それにしてもメジャーな創作物には自分が気に入らなきゃ簡単にケチをつけてしまう。でもそれが「有名税」ってことなんだろう。
友人知人の作品にはケチなんてつけられない。たとえ好みではなくてもその感想は胸にそっとしまっておく。傷ついてやる気をなくしてほしくないからだ。 わたしがここnoteでつまんないエッセイや小説を書いても、酷評なんて一度も届いたことがないのもそういうことだ。
なので昨年からnoteの目ではないところで読んでもらいたくて、公募に書いたものを送ってみている。数えてみたら7本。酷評でもよいから何か言葉をもらいたいけど、入賞の箸にも棒にもかからないのでそれもかなわない。いい加減笑えてきた。
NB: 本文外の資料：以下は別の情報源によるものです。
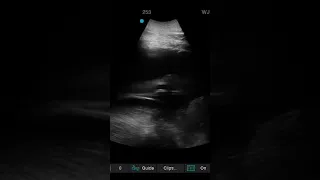 Elephant Ultrasound Highlights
短編ばかりだけど、よくもまあそんなに恥をさらしたものである。

それでもやっぱり書いてしまう。たぶん、こうして書くことは一生の趣味だ。わたしが死んだら家族はこのアカウントをどうするんだろう。死んでから掘り起こされるものは、もっと感情を赤裸々にした方が楽しんでもらえるかもしれないなんて考える。「あれ…これ読んでいいんだろうか」と思われるくらい、どうせなら、内なる不実さや不誠実さをしたためた方がよいかもしれない。

死者の手紙や日記をあばくこと。品位のない行動なのかと思っていたけど、これに対して「読んでいいの。生きてる者は手を汚すのよ」と言った漫画の登場人物がいた。痺れた。積極的に読んでいこう。そして読んでほしい、わたしのも。

なんだかとりとめないけど、やっぱりこれでいいのだ。トングを飛ばしたのも、映画を観たのも、公募で恥をさらすのも、自分。こうやって書いたものを放り出す場所があってよかった。

というわけで、本日もどっとはらい。